* **Activity**
Restate the lines word for word, from the one containing "Volvo XC40 2.0" through the last line of the entries below, without any other lines.

↓

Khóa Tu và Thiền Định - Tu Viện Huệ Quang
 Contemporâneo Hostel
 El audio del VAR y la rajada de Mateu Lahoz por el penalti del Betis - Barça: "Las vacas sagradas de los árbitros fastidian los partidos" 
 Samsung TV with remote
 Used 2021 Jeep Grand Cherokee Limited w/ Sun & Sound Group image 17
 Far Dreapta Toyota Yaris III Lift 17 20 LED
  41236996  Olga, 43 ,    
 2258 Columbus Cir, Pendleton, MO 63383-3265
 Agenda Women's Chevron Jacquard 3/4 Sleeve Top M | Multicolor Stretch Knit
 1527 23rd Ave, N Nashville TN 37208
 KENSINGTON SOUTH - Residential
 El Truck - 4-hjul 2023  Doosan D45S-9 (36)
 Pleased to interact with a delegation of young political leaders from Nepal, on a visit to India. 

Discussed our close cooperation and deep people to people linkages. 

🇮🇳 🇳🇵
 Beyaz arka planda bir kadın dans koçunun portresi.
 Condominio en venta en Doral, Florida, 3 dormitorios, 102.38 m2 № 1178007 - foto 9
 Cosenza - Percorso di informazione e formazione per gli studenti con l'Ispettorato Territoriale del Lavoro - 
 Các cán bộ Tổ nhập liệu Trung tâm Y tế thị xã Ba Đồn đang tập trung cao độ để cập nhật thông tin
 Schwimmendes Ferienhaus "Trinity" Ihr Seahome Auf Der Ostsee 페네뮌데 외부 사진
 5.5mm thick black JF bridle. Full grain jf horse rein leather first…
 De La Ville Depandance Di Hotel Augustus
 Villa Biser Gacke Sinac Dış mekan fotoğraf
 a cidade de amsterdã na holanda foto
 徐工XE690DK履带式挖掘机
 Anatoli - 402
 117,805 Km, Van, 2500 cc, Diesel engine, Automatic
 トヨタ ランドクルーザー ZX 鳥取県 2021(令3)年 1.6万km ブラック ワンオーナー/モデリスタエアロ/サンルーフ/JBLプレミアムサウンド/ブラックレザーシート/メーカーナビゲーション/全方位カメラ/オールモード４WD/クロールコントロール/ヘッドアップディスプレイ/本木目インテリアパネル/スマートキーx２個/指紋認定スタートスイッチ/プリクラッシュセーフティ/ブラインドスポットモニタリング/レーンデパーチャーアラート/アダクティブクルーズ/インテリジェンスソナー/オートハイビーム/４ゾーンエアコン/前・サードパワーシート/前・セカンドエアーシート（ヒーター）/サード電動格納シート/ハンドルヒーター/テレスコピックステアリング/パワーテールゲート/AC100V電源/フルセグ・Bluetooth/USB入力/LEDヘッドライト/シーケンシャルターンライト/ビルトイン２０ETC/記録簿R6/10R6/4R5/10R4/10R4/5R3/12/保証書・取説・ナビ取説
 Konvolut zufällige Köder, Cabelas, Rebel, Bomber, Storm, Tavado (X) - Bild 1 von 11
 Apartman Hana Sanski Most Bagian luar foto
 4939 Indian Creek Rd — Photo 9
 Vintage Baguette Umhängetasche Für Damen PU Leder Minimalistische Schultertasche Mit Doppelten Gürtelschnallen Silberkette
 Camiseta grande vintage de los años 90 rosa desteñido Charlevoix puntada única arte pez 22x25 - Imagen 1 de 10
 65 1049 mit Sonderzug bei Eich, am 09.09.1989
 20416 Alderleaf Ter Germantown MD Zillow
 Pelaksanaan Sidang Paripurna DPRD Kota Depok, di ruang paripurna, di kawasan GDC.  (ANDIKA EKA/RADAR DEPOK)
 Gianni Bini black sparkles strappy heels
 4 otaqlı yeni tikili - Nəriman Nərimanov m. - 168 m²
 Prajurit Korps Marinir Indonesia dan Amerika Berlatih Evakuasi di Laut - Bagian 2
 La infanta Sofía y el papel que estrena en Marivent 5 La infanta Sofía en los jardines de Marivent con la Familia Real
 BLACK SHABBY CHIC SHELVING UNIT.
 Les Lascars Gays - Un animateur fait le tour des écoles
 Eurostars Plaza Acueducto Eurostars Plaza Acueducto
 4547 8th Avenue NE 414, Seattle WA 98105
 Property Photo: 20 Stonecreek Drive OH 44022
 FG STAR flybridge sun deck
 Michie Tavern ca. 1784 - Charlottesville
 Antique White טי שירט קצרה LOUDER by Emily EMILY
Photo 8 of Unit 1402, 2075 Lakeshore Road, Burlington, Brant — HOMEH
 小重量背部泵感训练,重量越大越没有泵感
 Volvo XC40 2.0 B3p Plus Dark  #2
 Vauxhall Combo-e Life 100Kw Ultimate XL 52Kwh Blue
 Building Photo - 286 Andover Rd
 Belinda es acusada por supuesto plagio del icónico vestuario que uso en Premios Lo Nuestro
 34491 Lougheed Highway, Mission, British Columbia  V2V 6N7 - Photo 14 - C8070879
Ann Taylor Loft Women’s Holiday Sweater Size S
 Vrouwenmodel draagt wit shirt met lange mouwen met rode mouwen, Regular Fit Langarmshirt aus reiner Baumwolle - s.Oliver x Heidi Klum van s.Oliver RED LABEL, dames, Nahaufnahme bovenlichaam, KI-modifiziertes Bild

↑

* **Result of this exercise**
 Volvo XC40 2.0 B3p Plus Dark  #2
 Vauxhall Combo-e Life 100Kw Ultimate XL 52Kwh Blue
 Building Photo - 286 Andover Rd
 Belinda es acusada por supuesto plagio del icónico vestuario que uso en Premios Lo Nuestro
 34491 Lougheed Highway, Mission, British Columbia  V2V 6N7 - Photo 14 - C8070879
Ann Taylor Loft Women’s Holiday Sweater Size S
 Vrouwenmodel draagt wit shirt met lange mouwen met rode mouwen, Regular Fit Langarmshirt aus reiner Baumwolle - s.Oliver x Heidi Klum van s.Oliver RED LABEL, dames, Nahaufnahme bovenlichaam, KI-modifiziertes Bild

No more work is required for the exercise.